• [Action item]:
Reproduce from the records below, with no pictures, exactly the lines between the one containing "Home Decor |" and the one containing "Dishwasher Cover. Farmhouse", inclusive.

(Web page caption snippets)
+ + + + +
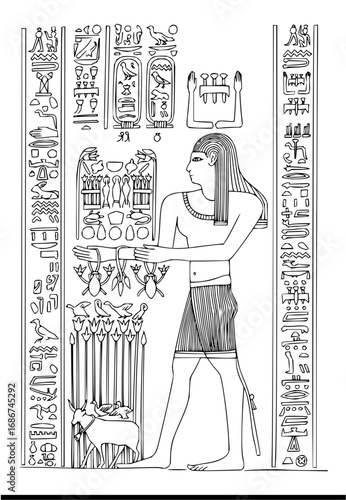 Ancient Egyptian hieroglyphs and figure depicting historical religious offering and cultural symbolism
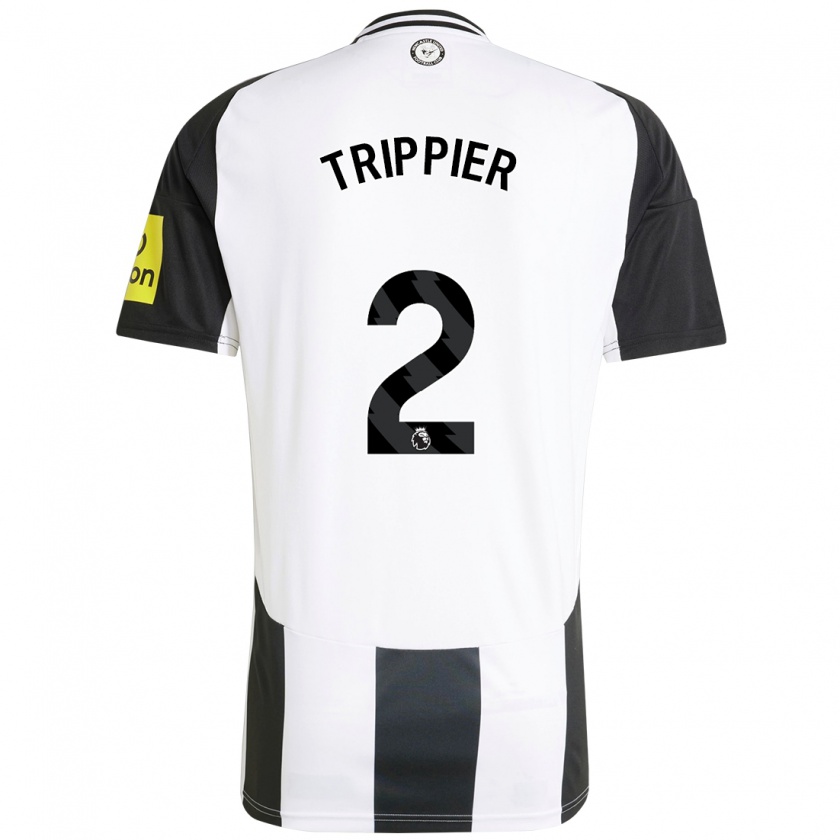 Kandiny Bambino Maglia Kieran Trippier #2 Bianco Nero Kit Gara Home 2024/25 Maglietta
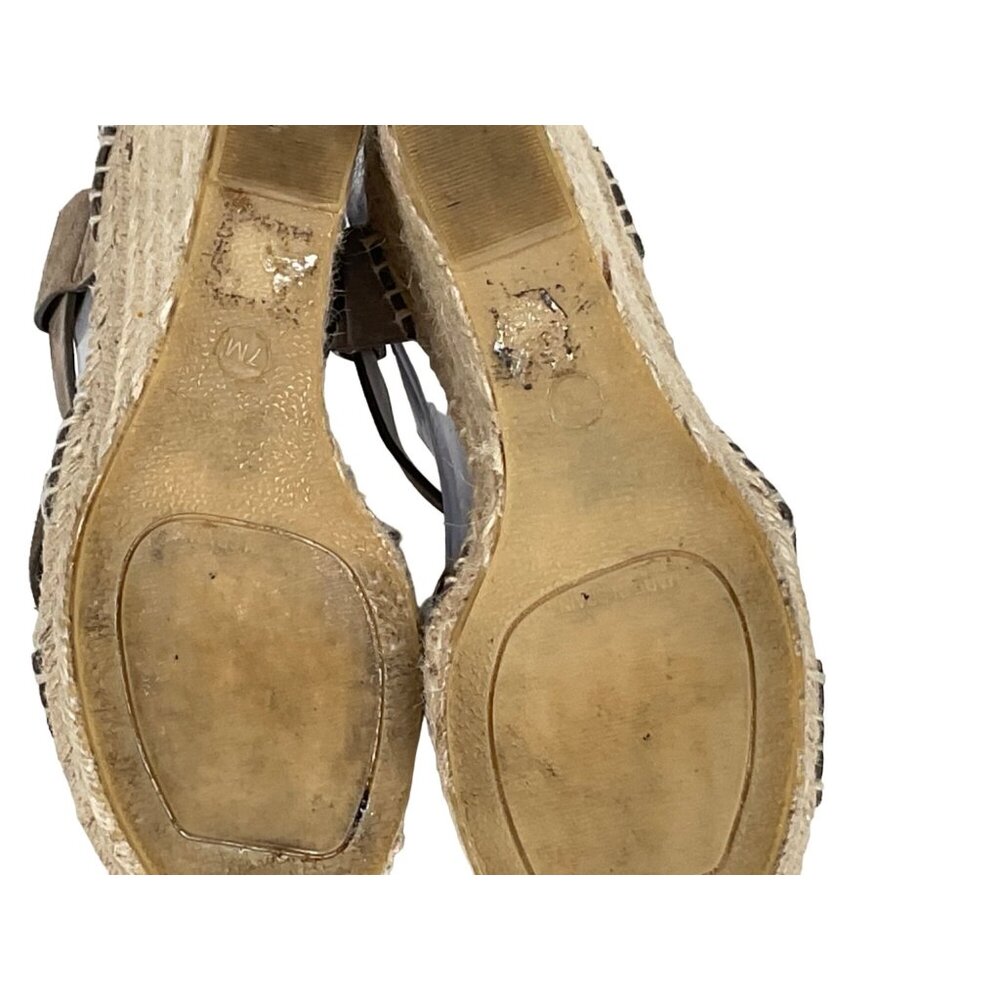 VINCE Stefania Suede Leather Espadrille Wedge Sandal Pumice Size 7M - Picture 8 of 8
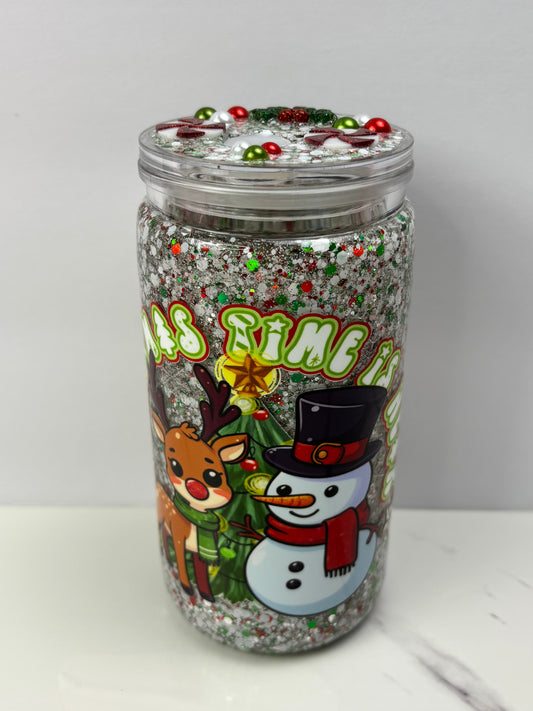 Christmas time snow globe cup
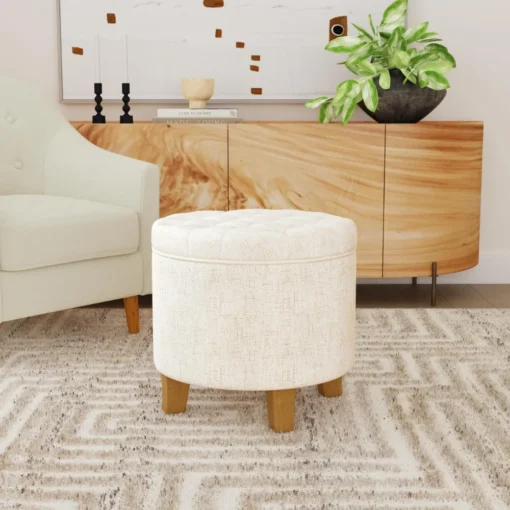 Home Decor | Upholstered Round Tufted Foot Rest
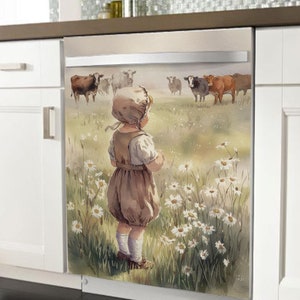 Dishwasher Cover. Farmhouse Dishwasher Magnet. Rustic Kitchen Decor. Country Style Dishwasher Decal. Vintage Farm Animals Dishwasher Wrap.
+ + + + +
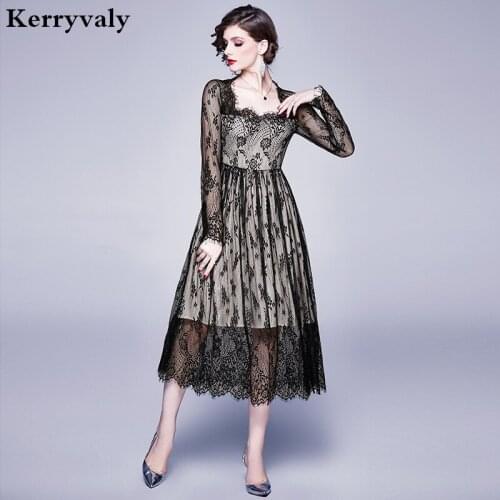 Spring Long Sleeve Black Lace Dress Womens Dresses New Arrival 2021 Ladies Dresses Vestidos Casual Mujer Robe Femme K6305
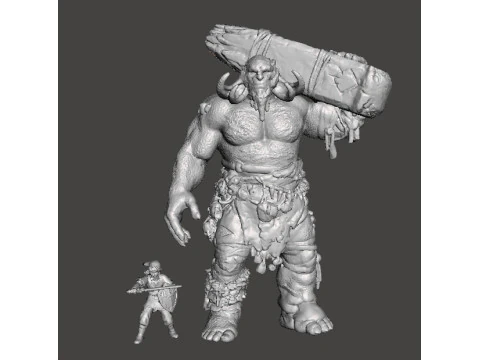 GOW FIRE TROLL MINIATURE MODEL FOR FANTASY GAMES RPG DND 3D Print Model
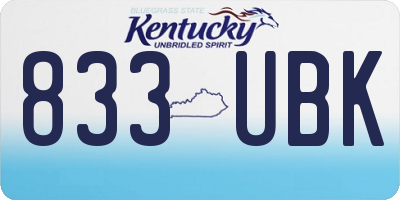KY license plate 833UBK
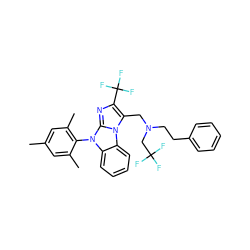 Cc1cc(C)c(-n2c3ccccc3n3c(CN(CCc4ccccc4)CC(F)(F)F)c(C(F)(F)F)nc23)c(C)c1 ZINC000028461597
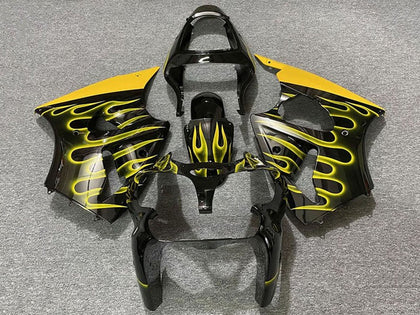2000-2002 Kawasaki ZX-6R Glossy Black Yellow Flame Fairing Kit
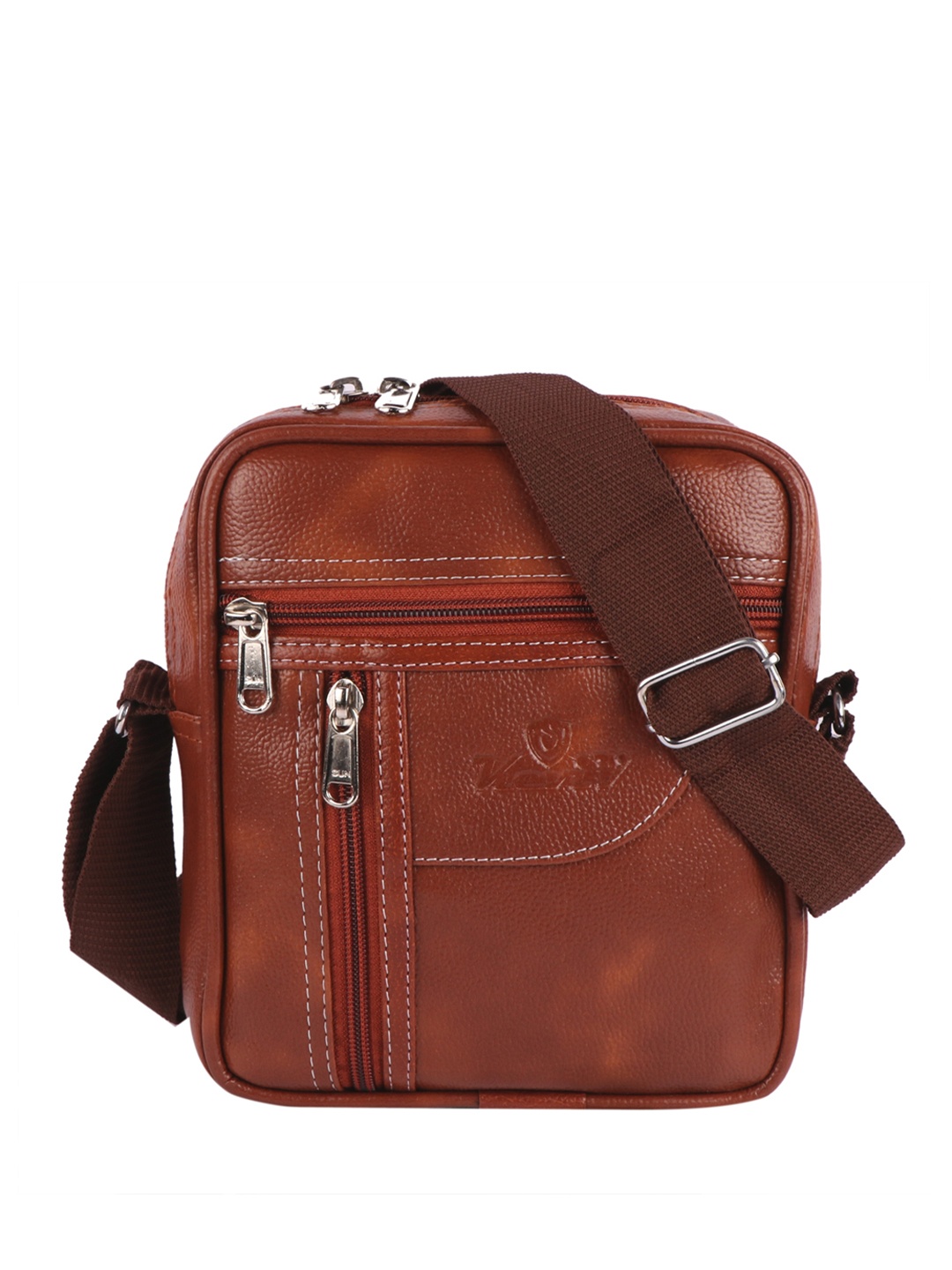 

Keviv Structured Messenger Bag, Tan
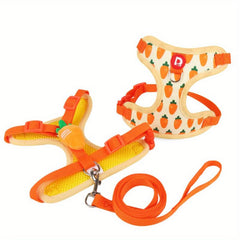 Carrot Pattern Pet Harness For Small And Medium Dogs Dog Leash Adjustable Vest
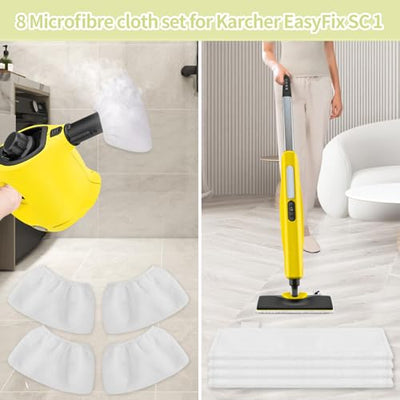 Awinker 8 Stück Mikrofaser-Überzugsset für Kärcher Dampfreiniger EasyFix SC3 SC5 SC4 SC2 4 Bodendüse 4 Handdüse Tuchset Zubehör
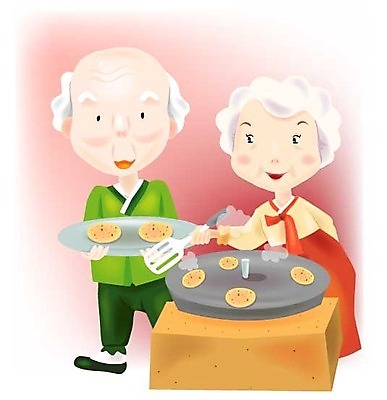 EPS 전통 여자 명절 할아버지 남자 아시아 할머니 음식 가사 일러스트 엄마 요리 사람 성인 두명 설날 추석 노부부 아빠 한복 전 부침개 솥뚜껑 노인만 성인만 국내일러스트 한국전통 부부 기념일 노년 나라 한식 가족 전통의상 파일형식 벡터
+ + + + +
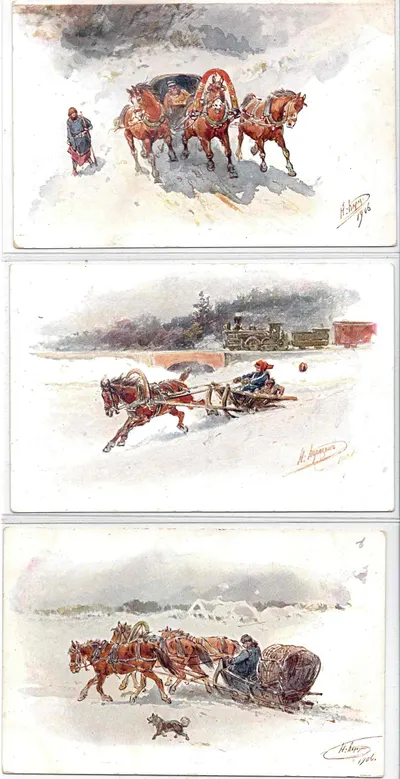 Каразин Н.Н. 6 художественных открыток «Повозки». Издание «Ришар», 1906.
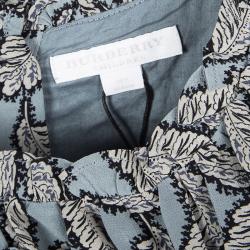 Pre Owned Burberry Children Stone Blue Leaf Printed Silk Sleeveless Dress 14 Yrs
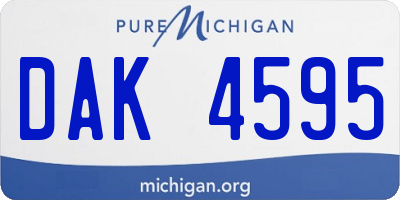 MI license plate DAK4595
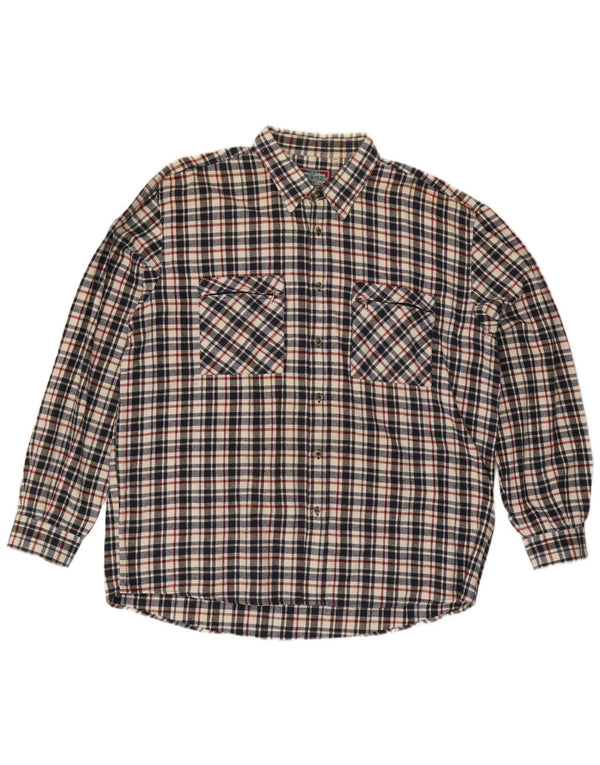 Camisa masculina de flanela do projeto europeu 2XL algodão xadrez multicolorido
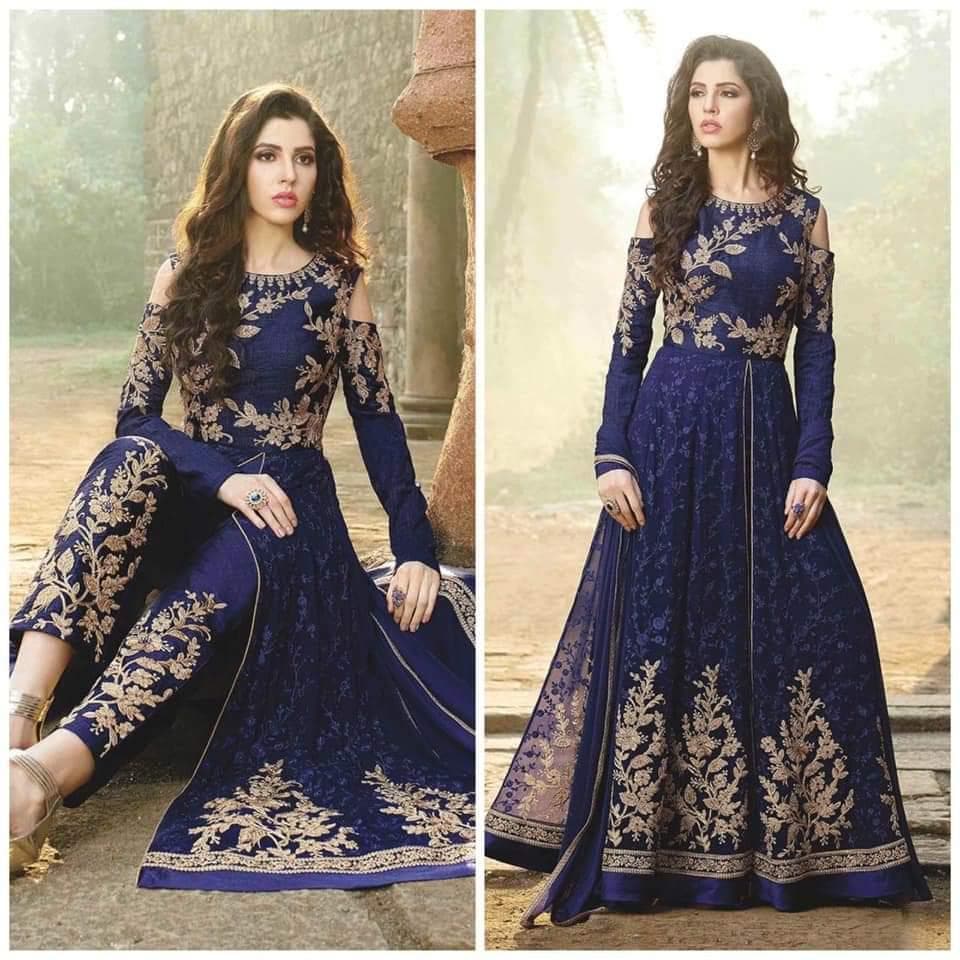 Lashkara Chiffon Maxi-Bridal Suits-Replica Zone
+ + + + +
• [Answer to the exercise]:
 Home Decor | Upholstered Round Tufted Foot Rest
 Dishwasher Cover. Farmhouse Dishwasher Magnet. Rustic Kitchen Decor. Country Style Dishwasher Decal. Vintage Farm Animals Dishwasher Wrap.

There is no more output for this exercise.